In chapter five, de Vos and Bosker study educational effects by means of a computer simulation. A three-level (school, class, pupil) simulation model has been developed to describe how the learning of students in Dutch schools evolves over time because 'traditional' statistical methods cannot cope with the assumed reciprocal influences at work. Validation by comparing simulation output to real data shows that in general, the model describes actual Dutch secondary education process well enough. Additionally, the chapter shows that analysing the data with traditional validation methods like multivariate regression analysis will hardly demonstrate the presence of existing relations. Therefore, relations of which researchers are convinced, but which are not confirmed by traditional methods, might still be picked up by more appropriate techniques.
In chapter six, Kleijnen describes validation methods based on mathematical statistics, because other types of validation - such as animation - give only 'face' validity. The choice of statistical tests for validation depends on the type of data available. The author distinguishes three situations (no real data available, real output data available, real input/output data available) and discusses them each in detail. If no real data is available, validation should be guided by 'Design of Experiments' (DOE) principles. These describe how to select a limited set of combinations of variable levels for observation by simulation runs and how to show which variables may be important using regression analysis. If real output data is available, then real and simulation output can be compared by a Student t-test or other (distribution-free) tests like the rank test or bootstrapping. Finally, if real input and output data are available, a trace-driven simulation is possible, where real and simulated output can be analysed by a novel regression analysis, which not only uses the differences but also the sums of real and simulated outputs.
In the final chapter, DeTombe introduces the concept of outside validity to reflect on decisions which the researcher makes before formulating the research question. In contrast to the well known external and internal validity concepts, outside validity discusses questions about the boundaries of the research, the selection of research methods and tools (whose view of reality is represented in the research outcomes) and the presentation of results.

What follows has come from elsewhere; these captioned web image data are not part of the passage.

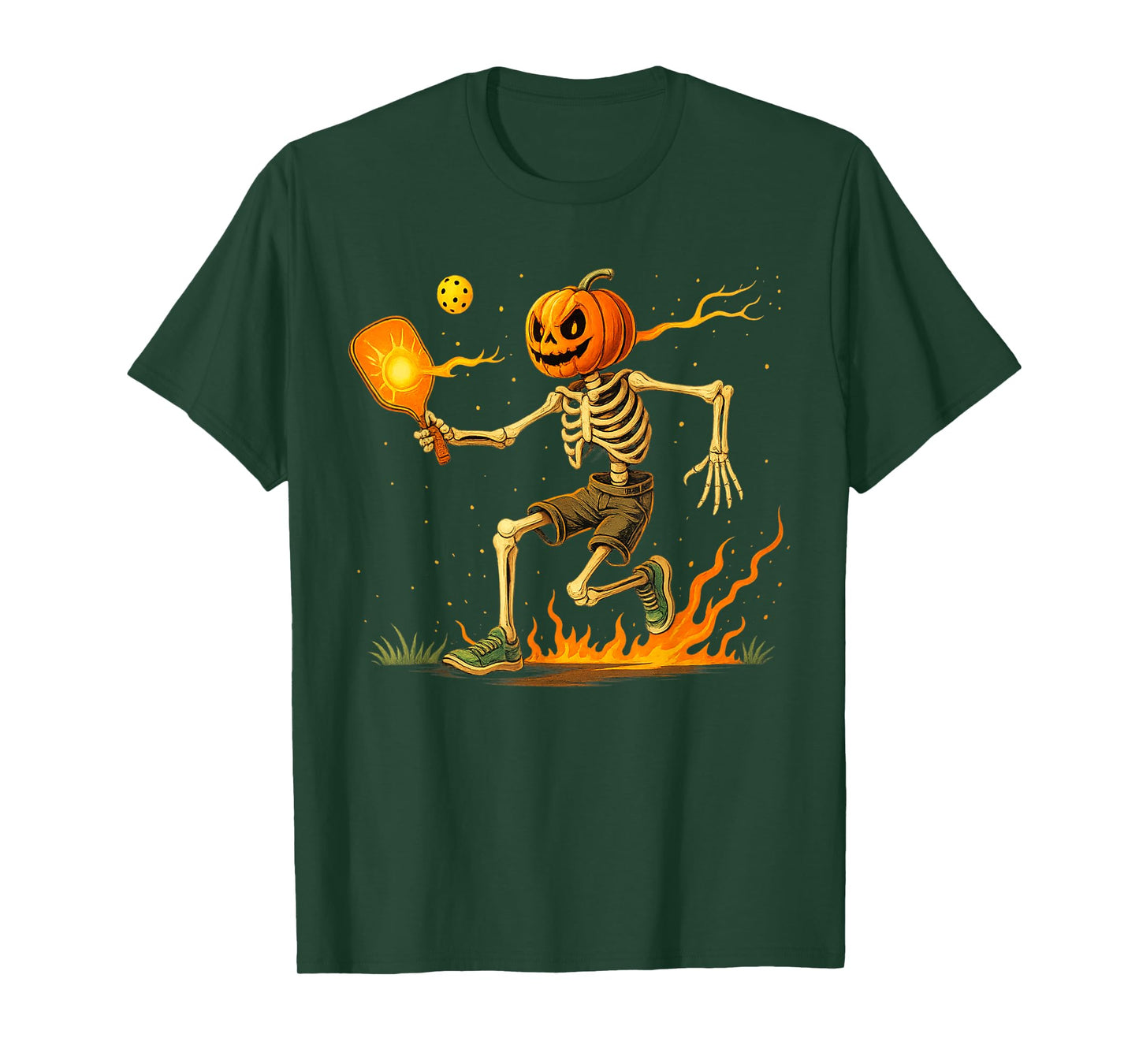 Pumpkin Head Skeleton Pickleball Halloween Spooky Sports T-Shirt
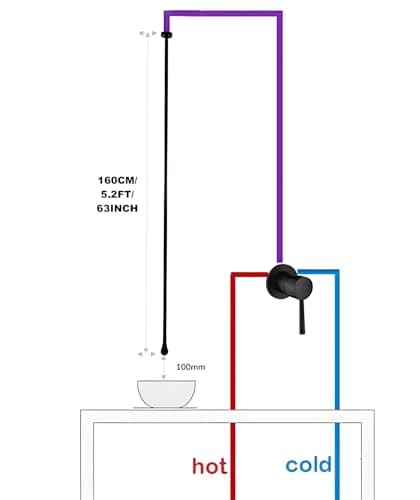 24x7 eMall Ceiling Faucet Single Lever Basin Tap Mixer Soft Aerated Water Spout with Ceramic Cartridge Hot and Cold Water, Bathtub False Ceiling Tap, Matt Black 160 Cm Length Drop Down 3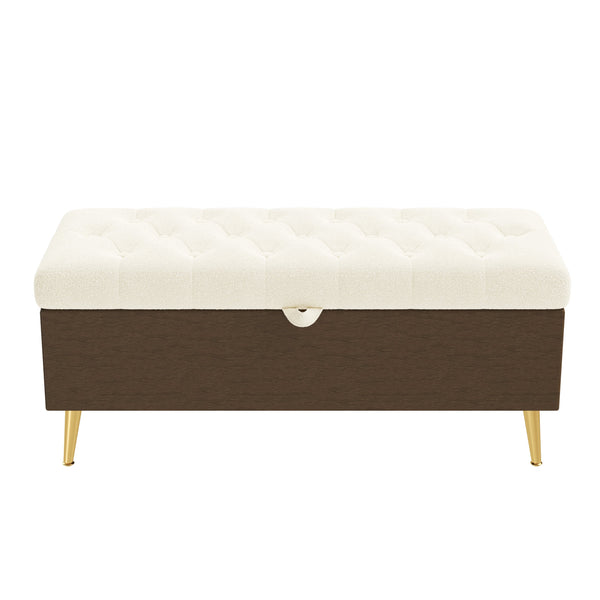 English Elm Modern Boucle Tufted Storage Ottoman Bench with Gold Legs for Bedroom or Entryway Beige N719P305620A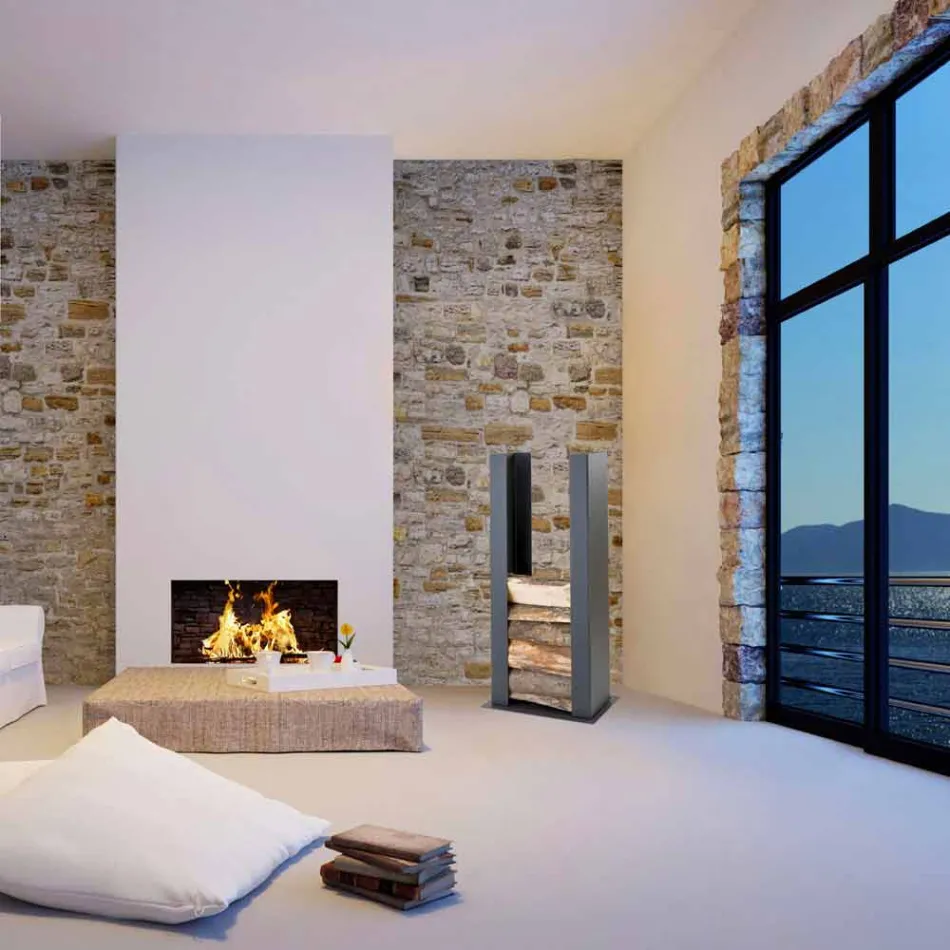 Soporte para leña de pared / suelo en acero, diseño, PLDU Caf Design viadurini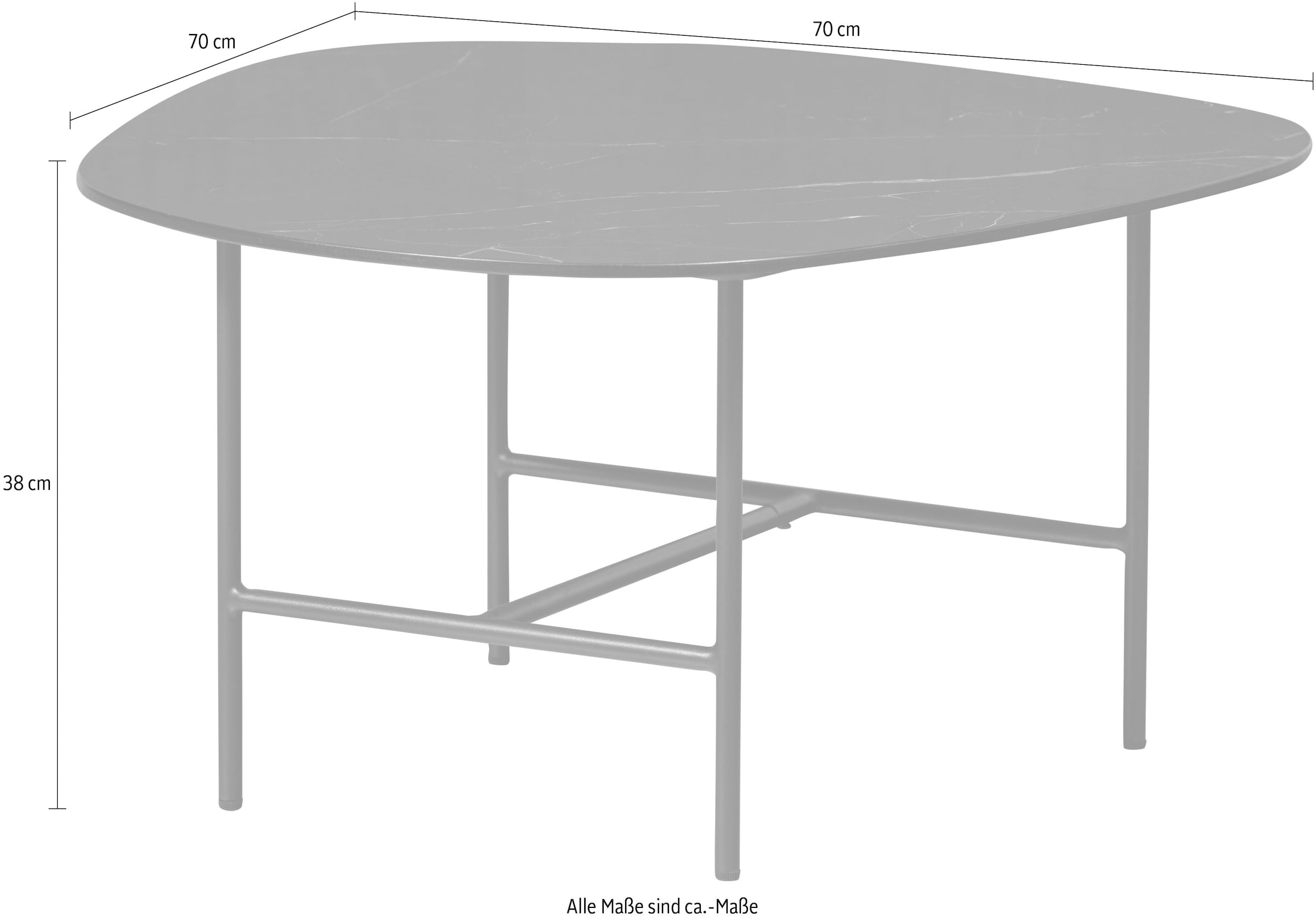WOOOD Couchtisch »Vajen«, mit Tischplatte in Marmoroptik, schlanker Metallrahmen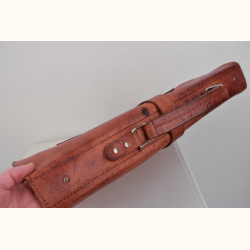 Vintage l�der skoletaske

In summary, this book contains an interesting collection of papers which describe different perspectives on validation, originating in diverse scientific fields. For readers who want to learn more about the practical problems of validation in simulation studies (which go beyond mere textbook examples), this book will be a good resource. Kleijnen is right when he notes in his article that the literature on validation is abundant. (Almost every book on simulation has a chapter about validation.) Unfortunately, this literature is restricted to the description of basic (quantitative) validation methods typically applied to small and well known modelling examples. The diversity of modelling examples and case studies provided in this book show that there is no standard way to solve validation problems and that the real difficulties lie in the appropriate selection of existing validation methods and in their adequate adaptation to a concrete model. Furthermore, it is very noteworthy that some of the presented papers emphasise that qualitative validation is at least as important to understanding the outcomes of models. This is even more true when researching complex problems which are found in the social sciences or in interdisciplinary contexts.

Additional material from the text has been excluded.